畫畫是他除了與母親溝通外,唯一與世界溝通的方式,因此他時而會異常認真。

黑色水筆的筆頭猶豫地在空中搖晃,幾秒鐘後慢慢停下,青涿找到了靈感,卻沒下筆,反而蹙起了眉頭。

脖子不對,圖中“媽媽”的脖子不對。

他的心開始擂鼓。

他覺得,他即將要畫的可能不是什麽優美、甚至不是正常的東西,可他無法在面對畫紙時欺騙內心,畫出表裏不一的東西。

如果別人看到的話,肯定會嚇到的吧……他灰色的瞳眸迷茫了一陣,然後又堅定起來。

學校裏沒人和他說話,根本不會有人來看他的畫,而媽媽……媽媽說過,做人要誠實,尤其是——對自己誠實。

心智不夠成熟的初中少年終於下定決心,顫抖著在瘦小女人的脖子處落筆。

——她的脖子很細,和她其他的身體部位一樣,但她吞咽時,嗓子眼凸出了一個可怕的圓形,那是硬幣的形狀……

“小涿,你在幹什麽?”母親的聲音冷不丁從身後傳來。

青涿的心瞬間提到嗓子眼。

就像是做了什麽壞事擔心被發現一般,他飛速扯過墊在畫紙下面的卷子,蓋住了那張詭異的畫,心臟仍在撲通撲通地跳。

“作業還沒寫完嗎?已經九點,該睡覺了。”母親似乎並未發現異樣,叮囑了一句後便踩著拖鞋離開了。

青涿這才松了口氣。剛剛或許是太專註了,他居然連媽媽的腳步聲都沒有註意到。

“馬上寫好了,媽媽。”他擡高聲音回覆母親,火速把桌面上的作業收入書包,那張畫紙也同之前的幾十上百張畫紙一起,被封入一個文件夾中。

青涿拿著洗漱用具去浴室裏洗完澡,把牙缸灌滿水,擠了牙膏開始刷牙。

浴室瓷磚有些發黃,磚縫裏爬著頑固的黑色汙漬,這裏最幹凈的便要數他對面那面鏡子。

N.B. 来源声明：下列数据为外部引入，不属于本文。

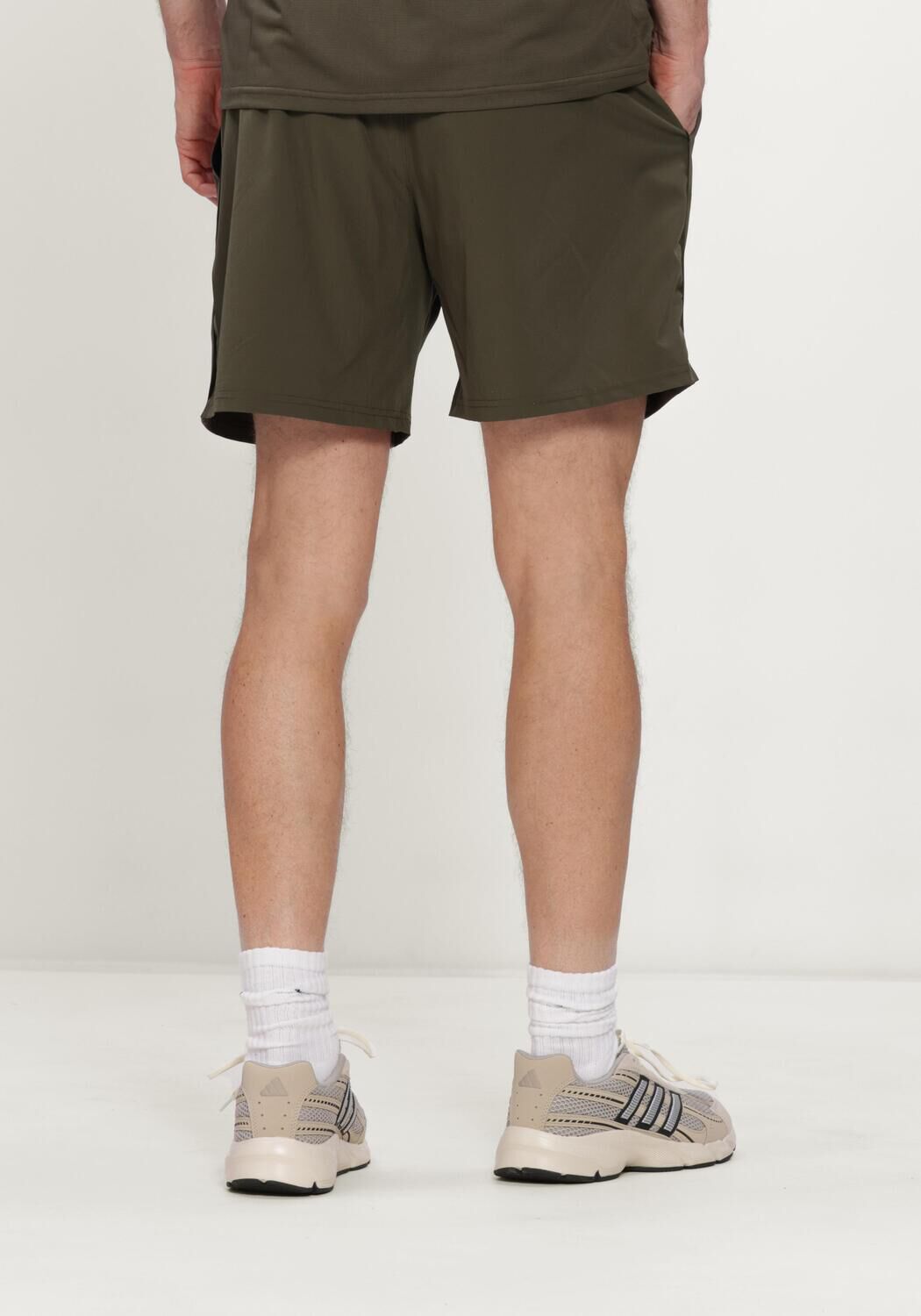 Gr&uuml;ne AIRFORCE Hosen COLE SPORT SHORT - large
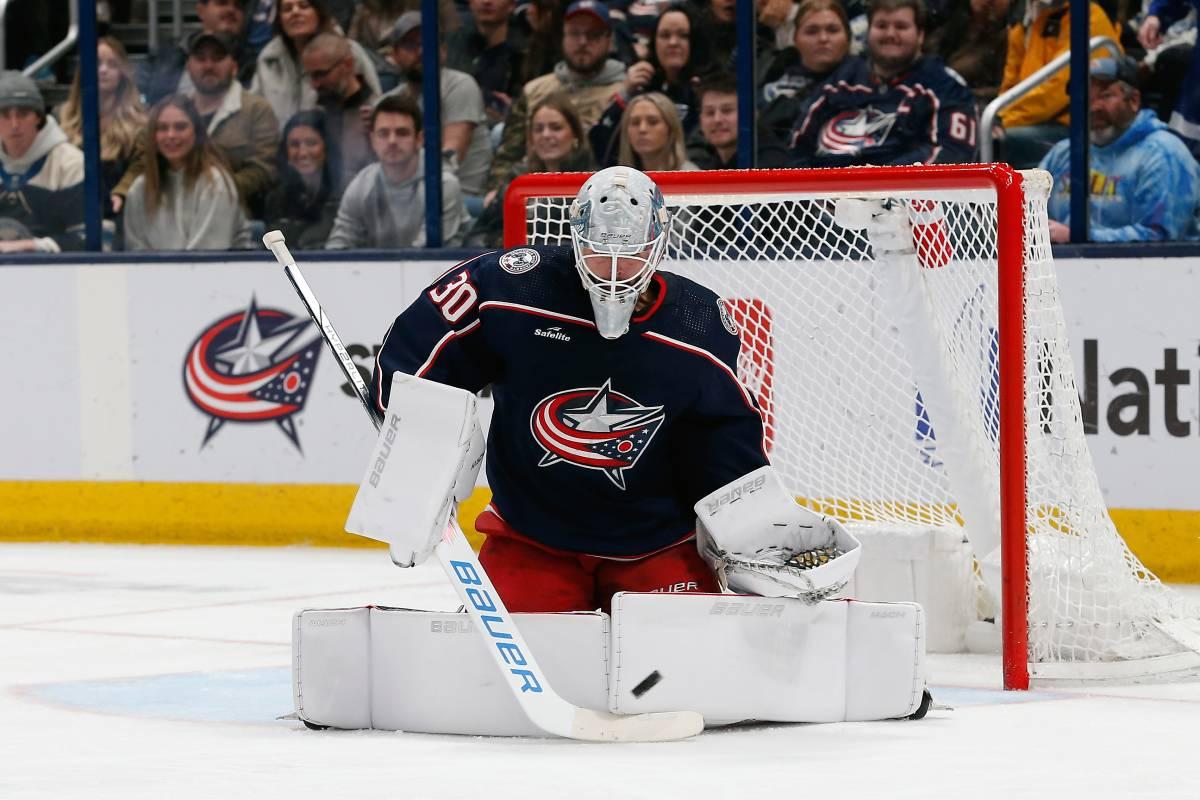 Columbus Blue Jackets put Spencer Martin on waivers, David Jiricek sent down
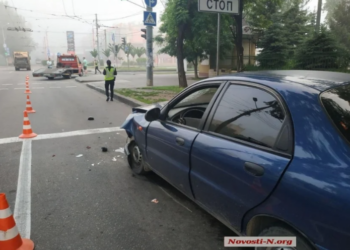 В Николаеве такси врезалось в эвакуатор – у таксиста перелом позвоночника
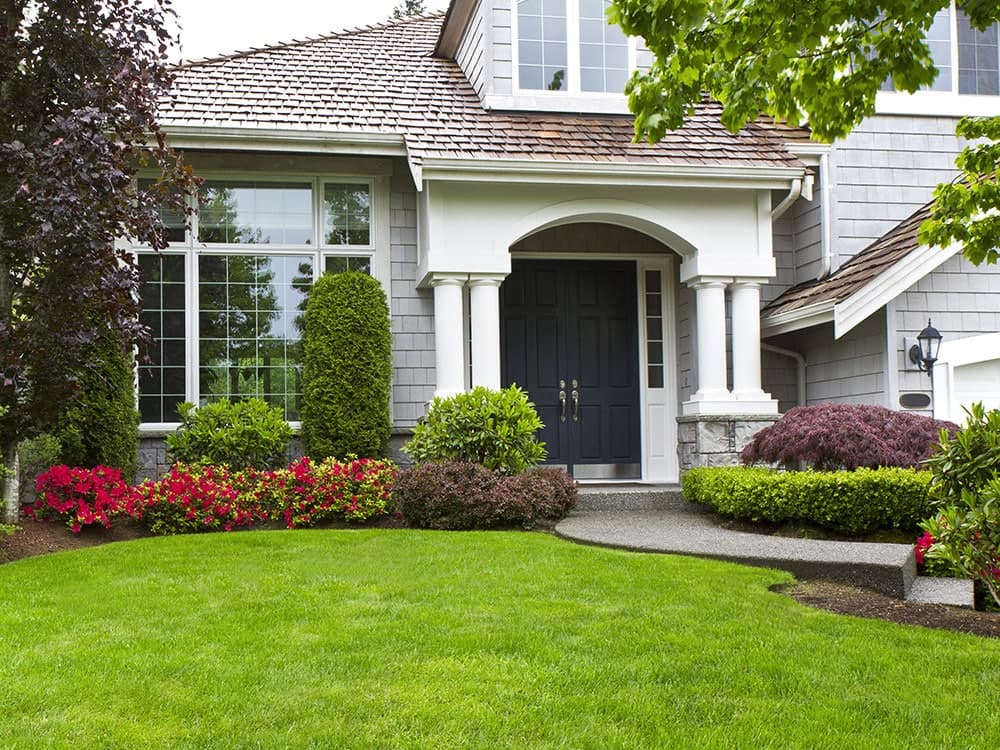 Landscaping and lawn care in Hamilton, Ontario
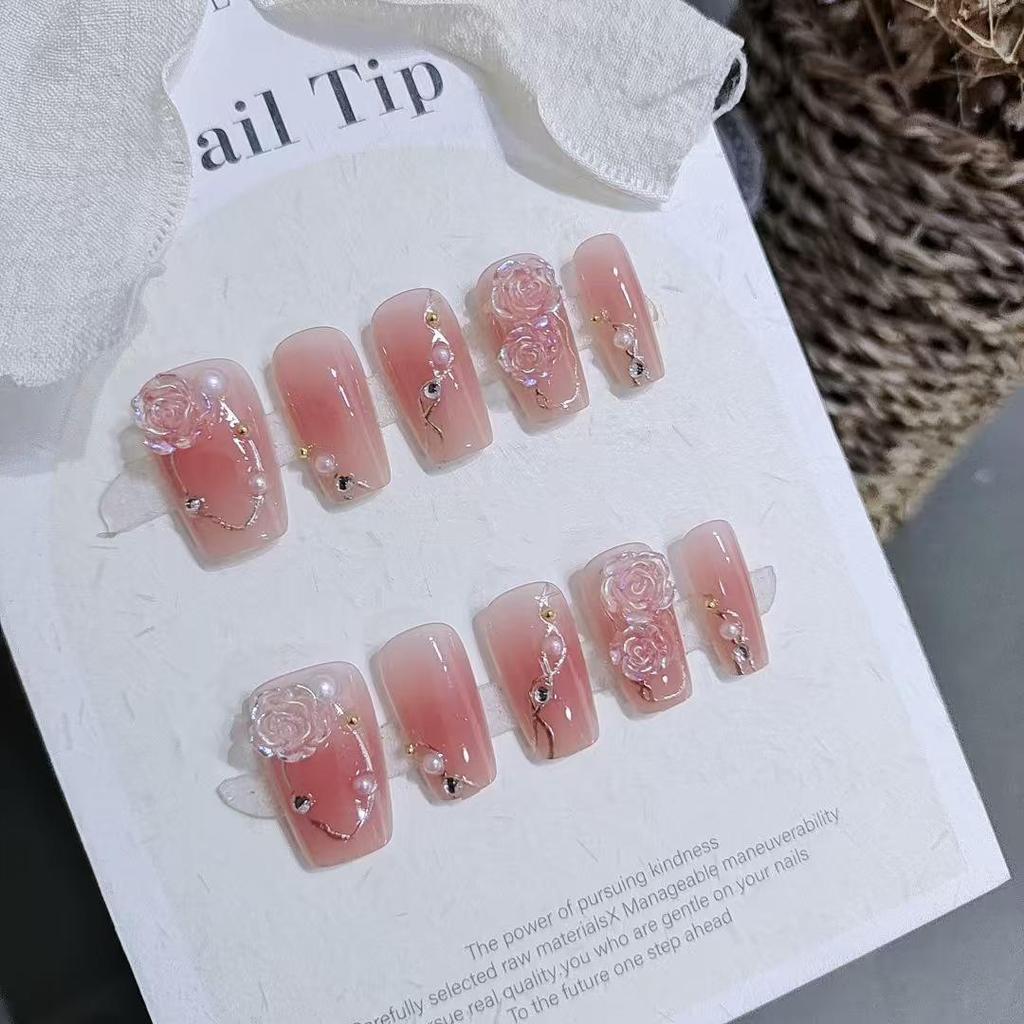 Short Blush Camellia Nails Set - 10 Pieces Gold Line Design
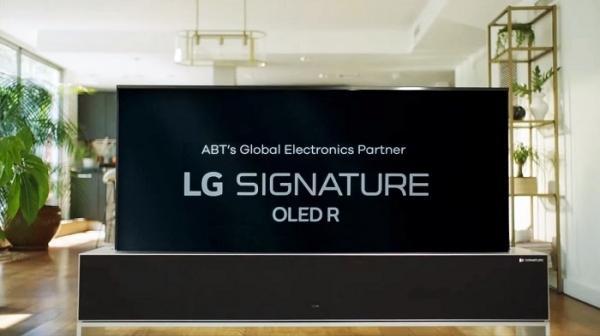 미국 발레단 아메리칸발레시어터의 여름 갈라쇼 영상에 등장한 LG 시그니처 올레드 R (사진=LG전자)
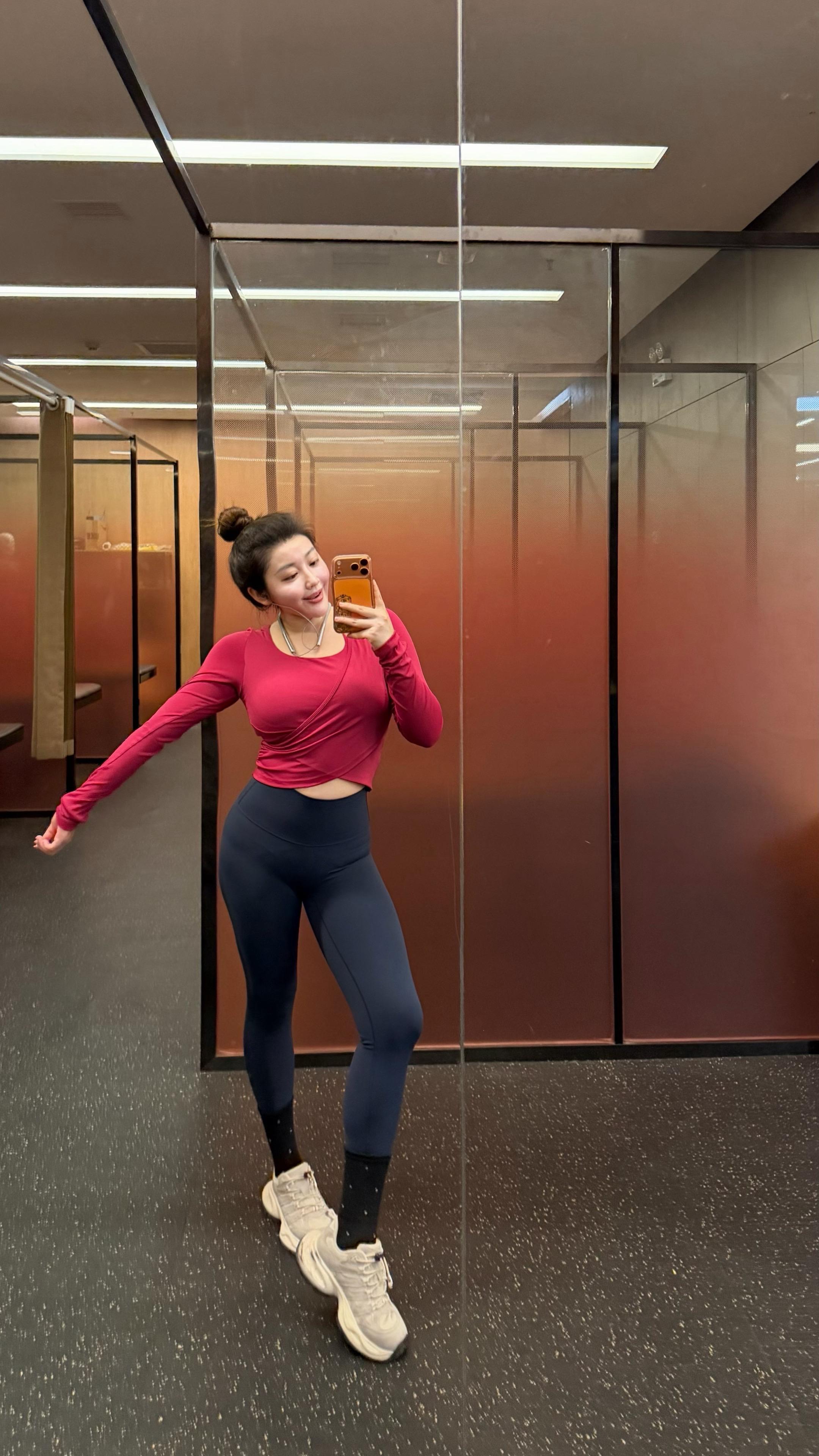 又被自己爽到了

鏡子裏的自己一邊刷牙一邊與他本人互相對望著,仿佛彼此在交流著什麽。

屋外傳來母親的聲音。

“小涿,你的枕套是不是要換了?今天正好要換被單,媽媽一起先拿去泡著了?”

聽到這聲音,鏡子中的人影微微睜大眼睛。

他匆匆忙忙仰頭灌入一大口水,庫吃庫吃地漱了口,接水抹幹凈唇邊的牙膏沫便跑了出去,沖到臥室裏,與正在換枕套的媽媽面對面。

前額的頭發浸濕了水,有一滴從發尖滑落,滴到下眼瞼上,順著臉滑落。

“媽媽,我已經長大了,我們…是不是應該分開睡了?”他脫口而出。

正在換枕套的母親動作驟然停下,連帶著青涿的心臟一縮。

“小涿……想和媽媽分開睡嗎?”母親好似有些受傷。

青涿心裏又是一酸,忙解釋道:“不、不是,我只是聽同學們說起,他們從小學三年級開始就和爸爸媽媽分開,我們家也正好有一間……”

“因為他們,小涿就也要和媽媽分開嗎?”母親沒等他把話說完便猝然打斷。等說完,她又好似察覺了自己態度過於冷硬,軟聲道,“小涿,你還小,你身體從小就不好,媽媽怎麽能放心讓你一個人睡……這樣,你就當是陪一陪媽媽,好嗎?”

身體不好…青涿並不覺得自己身體哪裏不好了,從小到大也沒生過什麽大病,最多也僅在換季的時候感冒發燒過而已。

但令他最不忍的,是母親後面那句話。

事實如此,他們母子相依為命,他只有媽媽,媽媽也只有他,要親自養大的孩子陪一陪…又哪裏過分了呢?

青涿垂下頭,酸澀道:“……媽媽,對不起,我不該說那句話的。”

母親也觸景生情,抹了下淚:“該說對不起的是媽媽。”

母親垂下頭替他換好了枕巾,青涿也連忙從衣櫃裏拿出洗過的床單,和母親一起鋪在了床上。

好像總是這樣……

他永遠無法拒絕媽媽,一旦看到她傷心難過,就會陷入漩渦般的恐慌,恐慌於失去她。……這樣,或許也挺好的吧。

這個夜晚,青涿也依然與母親睡在了一間屋子裏。他睡相很好,從不會越過中線打擾到母親,母親亦然。

但這個晚上,他卻總在夢裏聽到了隱隱約約的哭聲……是誰在哭?

第二天一早,窗外天色明朗,鳥雀吜啾。

青涿被母親喊醒,書包裏被放入了一只三層的鐵皮飯盒,出門走過一條車流稀稀的馬路,在馬路對面的公交站臺等車。

一成不變的學校生活又將開啟循環,青涿擡手打了個呵欠,淚眼蒙蒙地看著公交會駛來的方向。

不過……今天還是會有些不一樣的吧。那個轉學生…也不知道願不願意和他說話。